- [WORK TASK]:
Look below for the line with "Long-axis point-of-care ultrasound"; begin the copy there and stop after the line with "cắt mí mini và cắt mí full", keeping the text exact and the pictures out.

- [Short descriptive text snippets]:
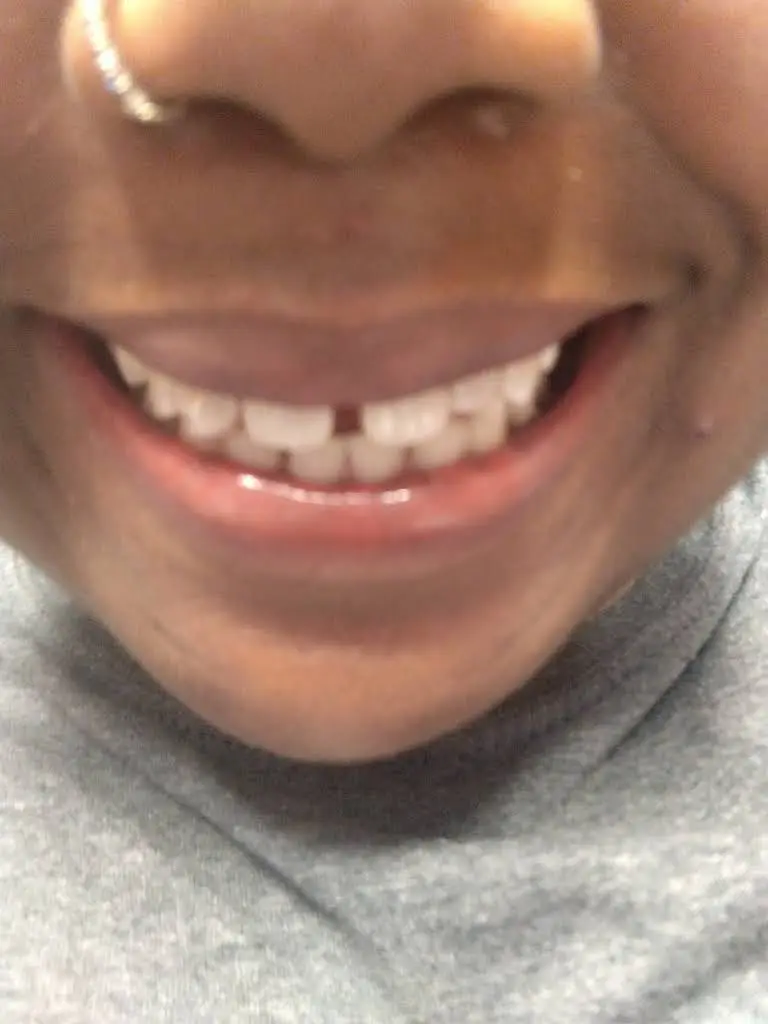 Dental Smiles At Dacula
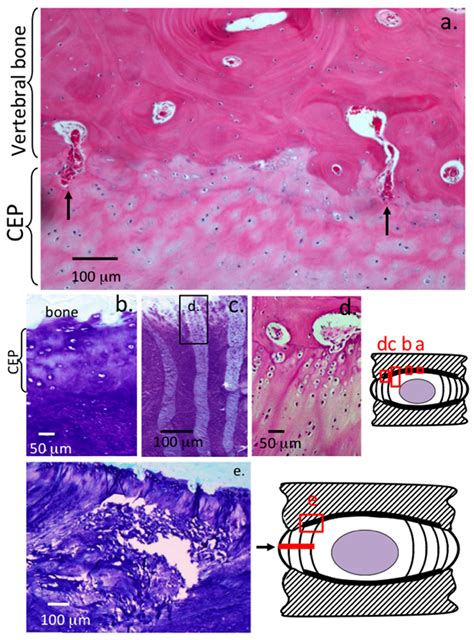 Annulus Fibrosus Histology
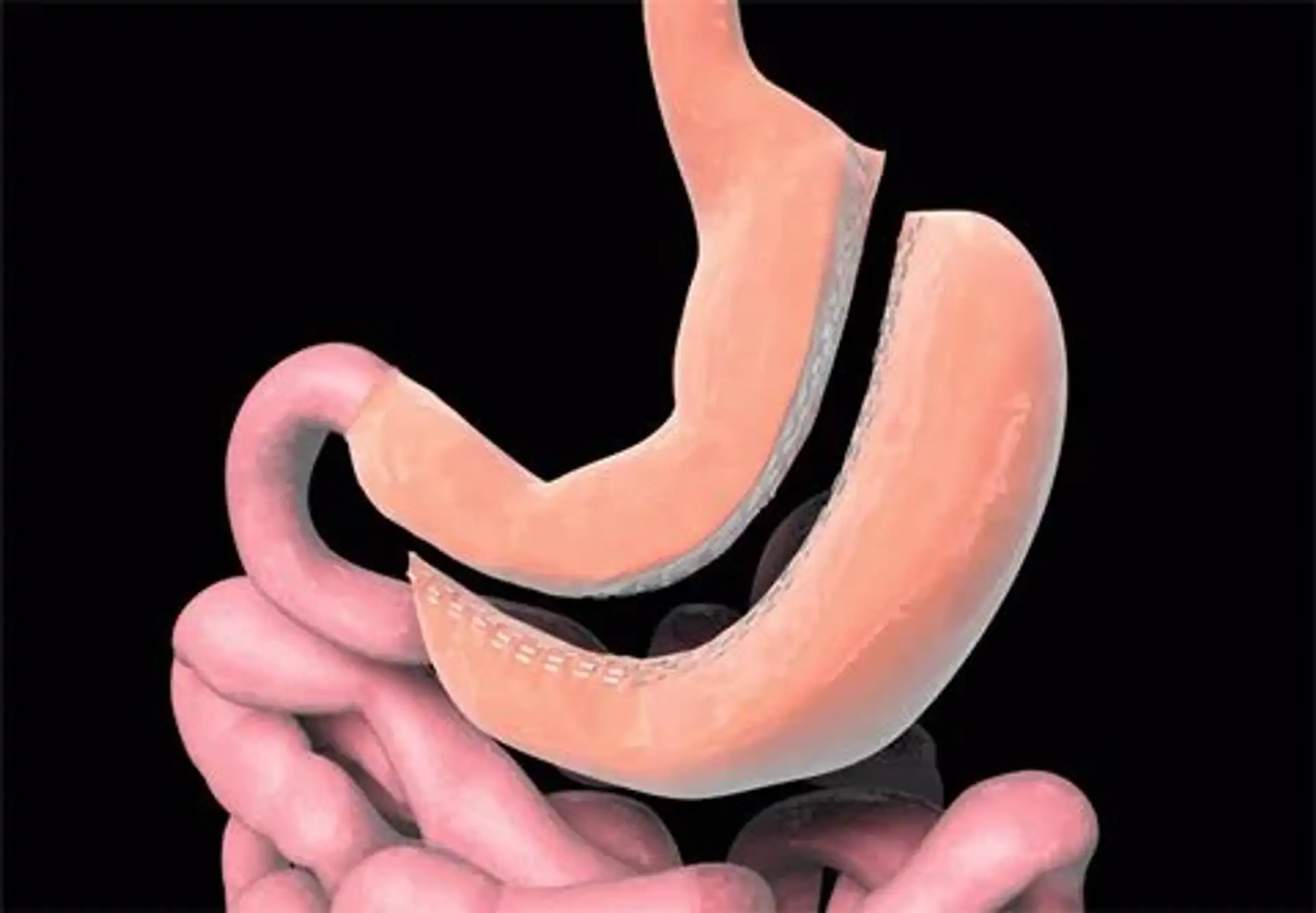 Understanding Sleeve Gastrectomy: Risks, Benefits and More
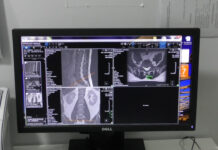 SJU SLATINA: ECHIPAMENTE PENTRU TRATAREA PACIENȚILOR ONCOLOGICI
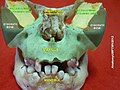 Greater wing of sphenoid bone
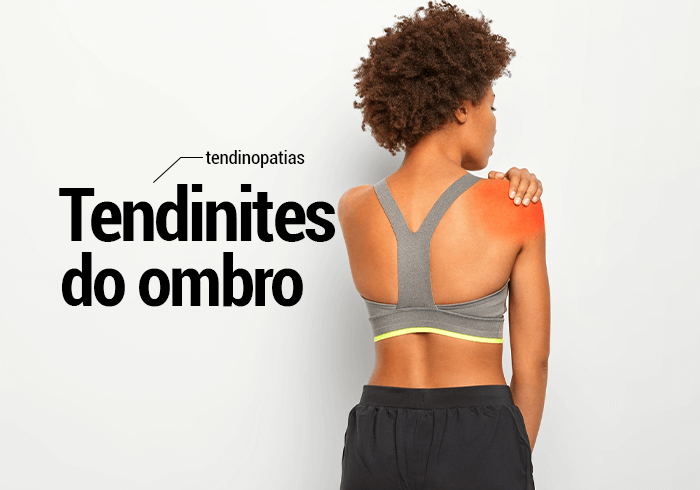 Tendinites (tendinopatias) do Ombro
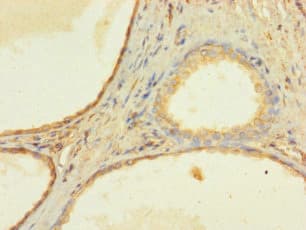 ZNF432 Antibody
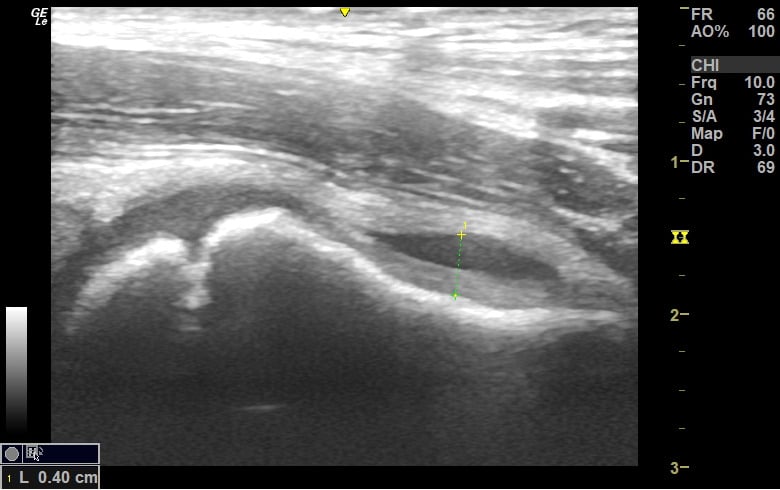 Long-axis point-of-care ultrasound of a paediatric hip showing a measured anterior joint effusion.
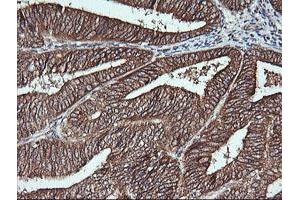 Image no. 2 for anti-Musashi Homolog 2 (MSI2) antibody (ABIN1499578) (MSI2 抗体)
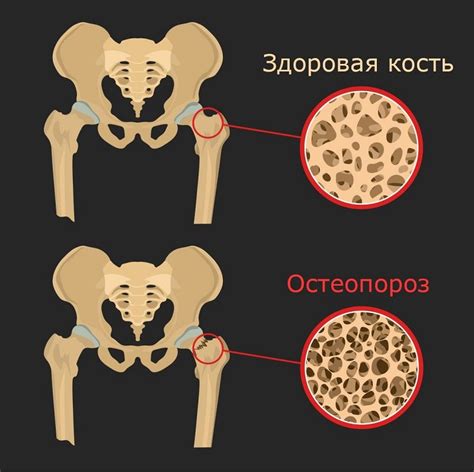 Предотвращение остеопороза и укрепление костной ткани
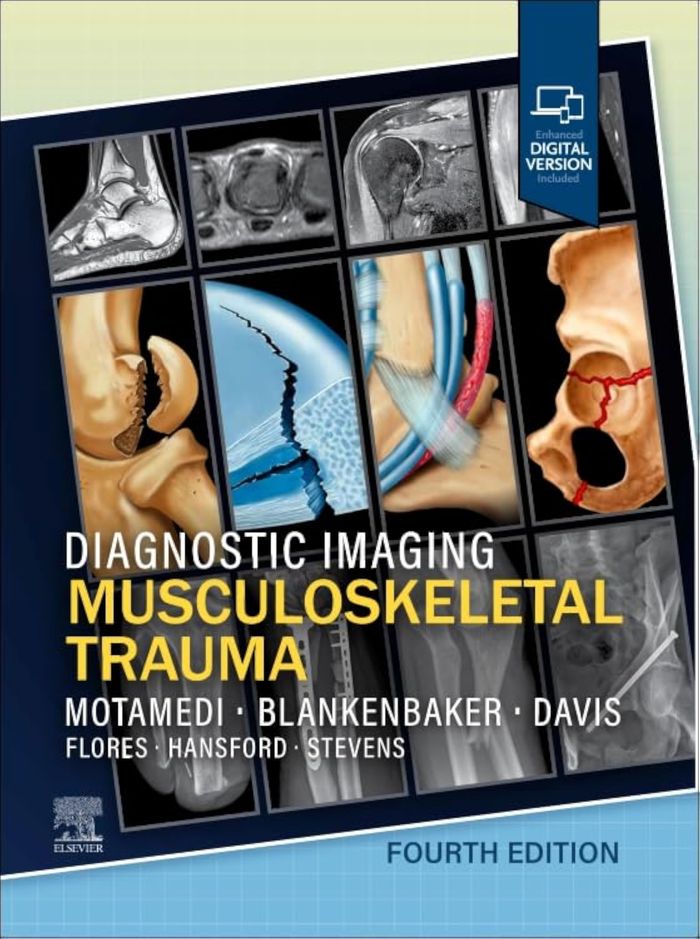 Couverture du livre « DIAGNOSTIC IMAGING: MUSCULOSKELETAL TRAUMA » de Motamedi/davis, librairie Les Contes Infusés à Corte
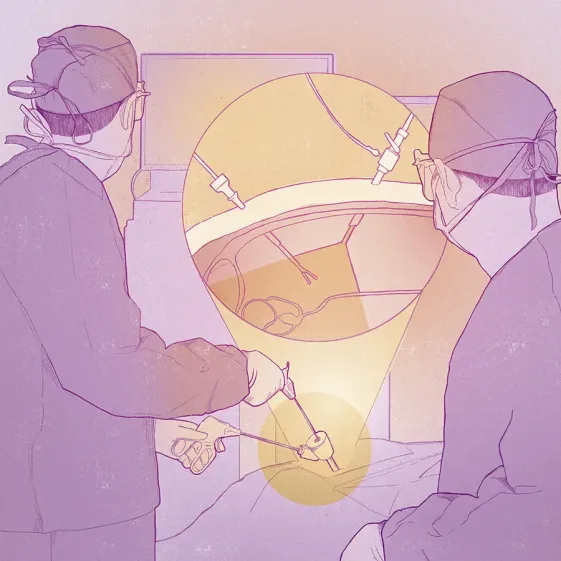 Cirugía laparoscópica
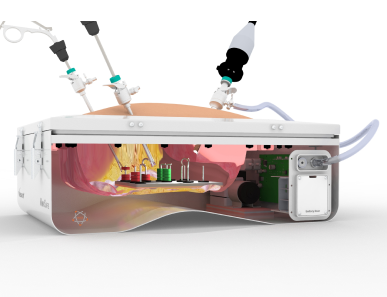 Laparoscopic peg transfer training on endotrainer for hand-eye coordination and instrument handling skills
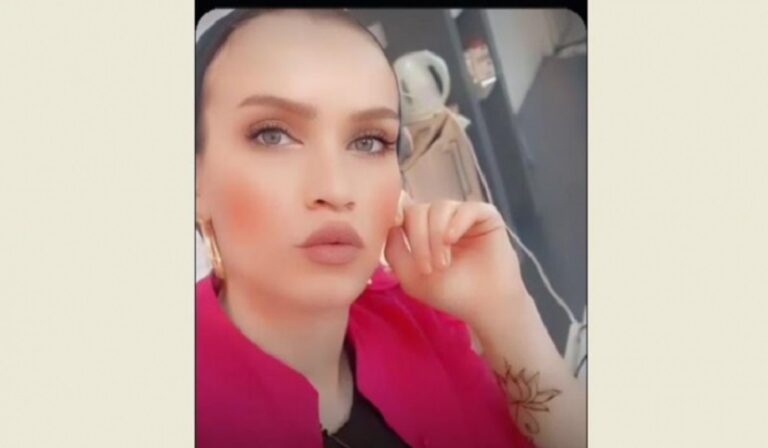 تعميم صورة مفقودة في القبة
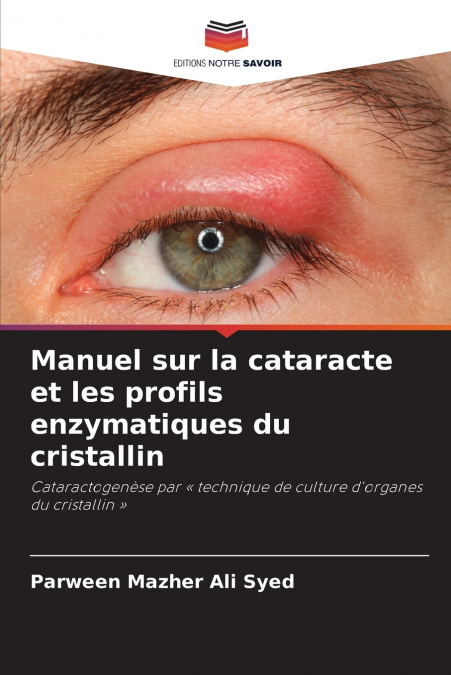 Manuel sur la cataracte et les profils enzymatiques du cristallin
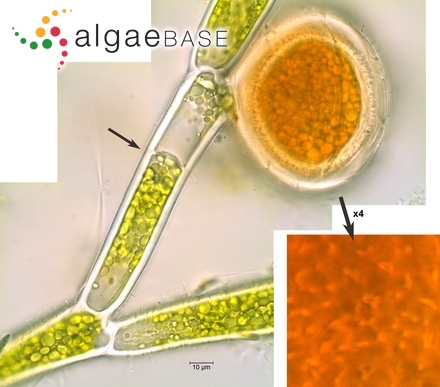 Nitzschia vermicularis var. minuta Playfair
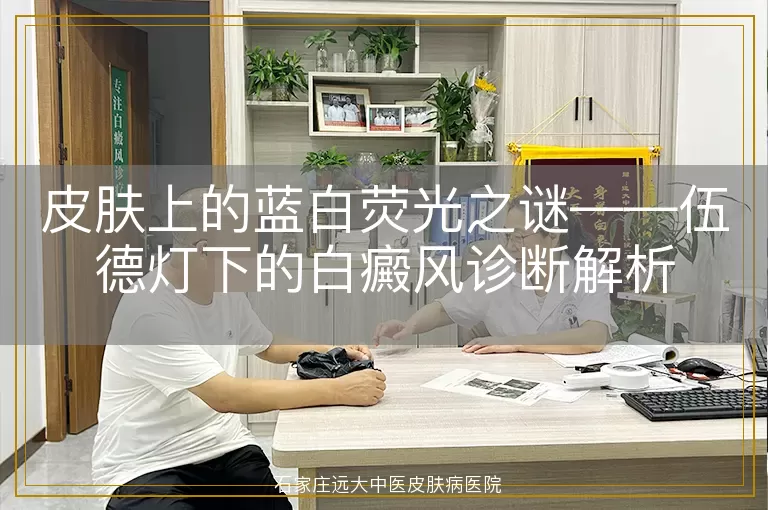 皮肤上的蓝白荧光之谜——伍德灯下的白癜风诊断解析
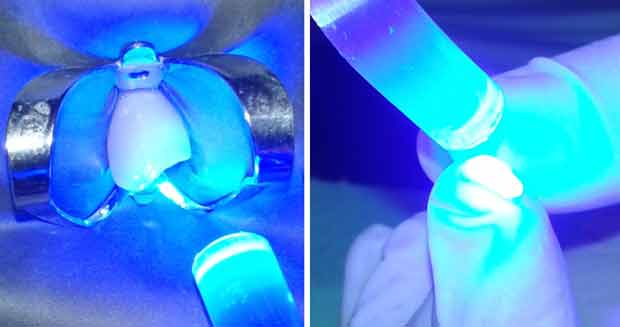 Photopolymérisation de l’adhésif sur la dent et le fragment pendant 40 secondes.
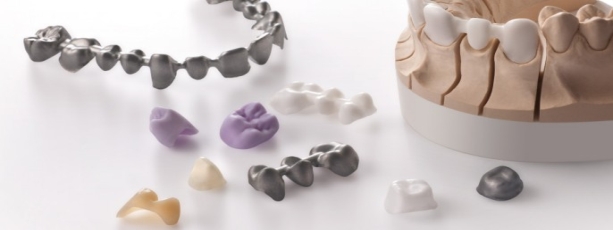 Quali sono i migliori materiali per gli impianti dentali? 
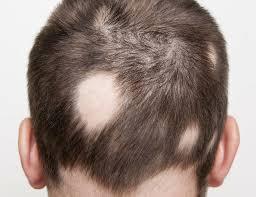 TRICOLOGÍA Alopecia androgenética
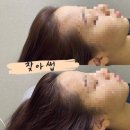 김헤어라인 이미지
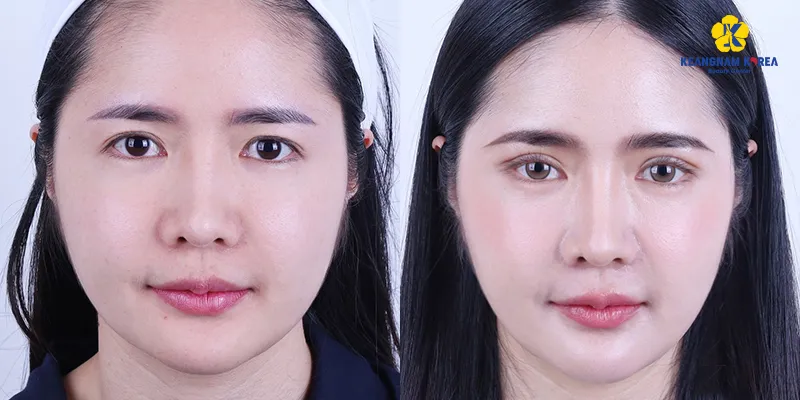 cắt mí mini và cắt mí full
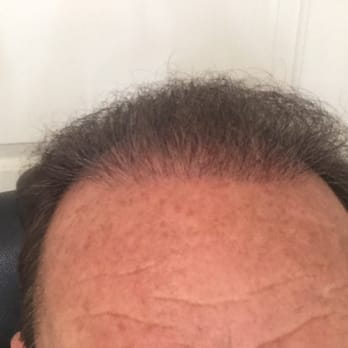 Neopel 64 Photos 16 Reviews Hair Loss Centers Jose Photo Of Neopel Tijuana Baja California Mexico 6 1 2 Months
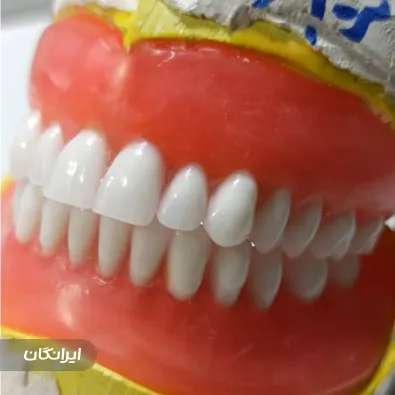 دندانسازی قاسمی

- [EXERCISE RESULT]:
 Long-axis point-of-care ultrasound of a paediatric hip showing a measured anterior joint effusion.
 Image no. 2 for anti-Musashi Homolog 2 (MSI2) antibody (ABIN1499578) (MSI2 抗体)
 Предотвращение остеопороза и укрепление костной ткани
 Couverture du livre « DIAGNOSTIC IMAGING: MUSCULOSKELETAL TRAUMA » de Motamedi/davis, librairie Les Contes Infusés à Corte
 Cirugía laparoscópica
 Laparoscopic peg transfer training on endotrainer for hand-eye coordination and instrument handling skills
 تعميم صورة مفقودة في القبة
 Manuel sur la cataracte et les profils enzymatiques du cristallin
 Nitzschia vermicularis var. minuta Playfair
 皮肤上的蓝白荧光之谜——伍德灯下的白癜风诊断解析
 Photopolymérisation de l’adhésif sur la dent et le fragment pendant 40 secondes.
 Quali sono i migliori materiali per gli impianti dentali? 
 TRICOLOGÍA Alopecia androgenética
 김헤어라인 이미지
 cắt mí mini và cắt mí full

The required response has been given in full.